Nueve cuando decidió que estar rota no significaba ser derrotada, que podía funcionar mientras estaba destrozada si aprendía a mantener las piezas unidas a través de pura fuerza de voluntad.
Había tenido una infancia complicada que la había moldeado de maneras que la mayoría de la gente nunca entendía.
No siempre había sido así en su mente antes de la tragedia, esta intensidad que quemaba, este drama que solo interpretaba para sí misma en un teatro interno que nadie más podía ver.
Intensa.
Pensando a velocidades que daban miedo. Sintiendo con una profundidad que dolía.
Exactamente como había sido su madre, quizás una manera de mantener a Lykea viva en el mundo de los pensamientos interiores de Luna.
Pero mientras Lykea había permitido que toda esa intensidad brillara hacia afuera en declaraciones dramáticas y cumplidos exagerados y amor expresado sin vergüenza ni restricción o preocupación por el decoro…
Luna había aprendido a mantenerlo todo dentro como secretos que podrían ser usados en su contra si se descubrían.
Los nobles la alababan constantemente con cumplidos que se sentían como cuchillos.
—Qué niña tan reservada —decían con aprobación que la hacían querer gritar—. Tan madura para su edad. Tan controlada. Nada como su madre.
Lo decían como un cumplido, como si ser diferente de Lykea fuese un logro en lugar de una tragedia.
Luna sonreía educadamente y los odiaba en silencio con una intensidad que los habría sorprendido si hubieran sabido cuánta rabia llevaba debajo de esas maneras perfectas.
Porque no entendían nada a pesar de pensar que lo veían todo.
No entendían que por dentro estaba GRITANDO todo el tiempo, que quería llorar y enfurecerse y demandar que el universo le devolviera a su madre inmediatamente. Que quería ser dramática y expresiva y exagerada exactamente como había sido Lykea, quería amar con una intensidad embarazosa y declarar sus sentimientos sin importarle lo que otros pensaran.

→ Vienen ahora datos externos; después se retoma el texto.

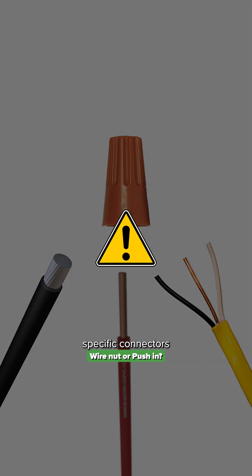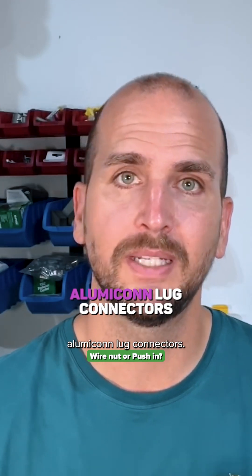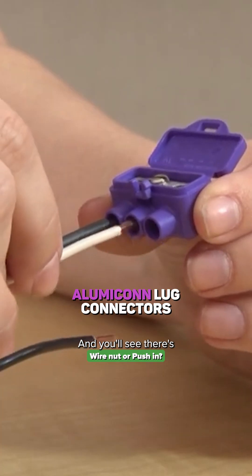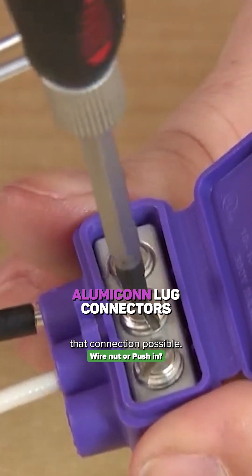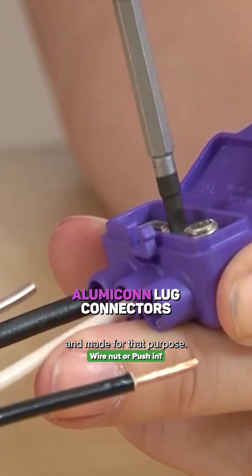There are specific connectors out there. You can Google Aluminicon lug connectors and you'll see there are connectors that can make that connection possible, but they are very specific and made for that purpose.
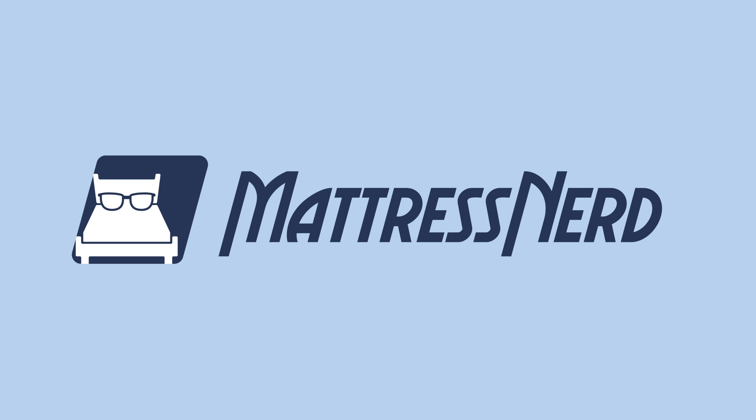So bottom line, is this mattress good for sex? Yes, it is. It's really responsive and it isolates motion, so it's going to be really great for couples. Plus, it's supportive for plus size sleepers. Let me know in the comments whether you agree or disagree. Go ahead and like this video and subscribe to our channel if it helped you out, and for more content like this, visit mattressnerd.com. Thanks for watching.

Pero no podía permitirse esa libertad porque si se dejaba sentir todo lo que realmente sentía…
Se desmoronaría completamente y no quedaría nada de lo que reconstruir a partir de los escombros.
Y no podía permitirse ese lujo cuando tenía una misión, cuando nobles como sus tíos esperaban cualquier señal de debilidad para explotarla, para usarla como palanca para quitarle todo lo que aún le quedaba.
Así que Luna había guardado toda la intensidad dentro donde no podía ser vista ni juzgada ni utilizada en su contra. La había enterrado profundamente bajo capas de control y compostura.
Y había perfeccionado la máscara hasta que incluso ella a veces olvidaba qué partes eran reales y cuáles eran actuación.
Reservada cuando por dentro era caos. Controlada cuando por dentro estaba gritando. Perfectamente educada cuando por dentro quería prender fuego a las cosas y verlas arder.
Todas mentiras cuidadosamente mantenidas porque la verdad era demasiado peligrosa para mostrar.
Pero por dentro seguía siendo la hija de su madre a pesar de todos los intentos de ser diferente.